L’auteur de la proposition de loi visant à rétablir le vote par correspondance, Jean-Noël Barrot (MoDem), l’avait initialement déposée le 2 juin 2020, juste après les élections municipales qui avaient vu le taux d’abstention exploser, dans un contexte sanitaire qui n’avait guère encouragé les citoyens à se déplacer.
Et pourtant, Jean-Noël Barrot l’a rappelé, le taux de participation avait, à la même période, augmenté lors de scrutins électifs en Allemagne et aux USA, où le vote par correspondance est installé depuis plusieurs années. Rappelons qu’en France, il a existé entre 1946 et 1975, année de son abrogation en raison de fraudes caractérisées. Aujourd’hui, il subsiste en tant qu’exception, pour les détenus et l’élection des députés des Français établis hors de France.

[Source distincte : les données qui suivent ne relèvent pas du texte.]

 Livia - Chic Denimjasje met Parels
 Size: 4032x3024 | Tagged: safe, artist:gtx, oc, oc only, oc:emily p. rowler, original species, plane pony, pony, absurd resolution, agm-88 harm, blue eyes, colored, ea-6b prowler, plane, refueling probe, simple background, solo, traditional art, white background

Un remède contre l’abstention ?
Au lendemain des dernières élections régionales et départementales, le président de l’Assemblée nationale, Richard Ferrand, avait lancé une mission d’information, menée par Stéphane Travert (La République en marche) et Xavier Breton (Les Républicains), afin de lutter contre la baisse de la participation des Français lors des élections. Parmi les 28 préconisations dévoilées en décembre dernier, figurait l’expérimentation du vote par correspondance et du vote par Internet « lors de prochaines élections locales ou de référendums d’initiative locale, dans les communes volontaires. »
Jean-Noël Barrot a repris mot pour mot cette formulation, via un amendement à l’article 1er de sa proposition de loi, qui propose le recours à « une simple expérimentation du vote par correspondance postale lors des élections municipales de 2026 sur une base volontaire ». Une manière, par cette notion d’expérimentation, d’anticiper les éventuelles réticences liées aux contraintes d’ordre logistique et opérationnel.

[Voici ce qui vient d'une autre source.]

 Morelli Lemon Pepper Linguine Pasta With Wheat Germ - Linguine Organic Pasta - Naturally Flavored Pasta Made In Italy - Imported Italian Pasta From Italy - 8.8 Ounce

Ciblant les électeurs « les plus vulnérables », ainsi que les huit millions de citoyens qui n’habitent pas la circonscription dans laquelle ils sont inscrits, le rapporteur a insisté sur le fait que « rien n’obligerait les électeurs à y recourir ».
La majorité divisée
Un argument qui n’a pas suffi à battre le scepticisme des députés, en particulier ceux de La République en marche, alors que le groupe LaREM et le groupe MoDem appartiennent tous les deux à la majorité présidentielle. Thomas Rudigoz (La République en marche), a évoqué le risque accru de « vote sous influence (...) familiale, clientéliste voire communautaire », idée reprise quelques minutes plus tard par Raphaël Schellenberger (Les Républicains).
Cet argument selon lequel l’acte de voter doit reposer sur le vote à l’urne et l’isoloir pour éviter tout vote sous influence, a été jugé « sérieux et légitime », par le rapporteur lui-même. Cependant, celui-ci y a répondu en arguant que « le vote par procuration heurte bien plus frontalement le caractère personnel et secret du vote ».
Quant à l’inquiétude suscitée par le risque de fraude, Jean-Noël Barrot a tenu à rappeler qu’« à l’étranger aucune étude n’a démontré que cette technique de vote n’induirait davantage d’irrégularités ». La députée socialiste Cécile Untermaier, dont le groupe s’est prononcé en faveur de la proposition de loi, a d’ailleurs considéré que « le traumatisme des fraudes au vote postal en 1975 [pesait] injustement lourd ». Elle a cependant voulu souligner que pour lutter contre l’abstention, la nécessité de « simplifier l’inscription sur les listes électorales », constituait une mesure tout aussi importante que celle relative au vote par correspondance.
Erwan Balanant (MoDem) est également venu en renfort de son collègue. Se disant « profondément attaché à la liturgie électorale » constituée par des dimanches précis durant lesquels tous les Français sont invités à se rendre au bureau de vote, les rituels constitués par l’urne et l’isoloir, il a cependant enjoint les députés à « sortir de la nostalgie démocratique, d’un conservatisme qui n’aide pas à l’engagement de nos jeunes ».
Ces arguments n’ayant pas convaincu une majorité de députés au sein de la commission des lois, les articles de la proposition de loi ont été rejetés. Le texte sera débattu dans l’Hémicycle, jeudi 3 février, lors de la journée d’initiative parlementaire réservée au groupe MoDem.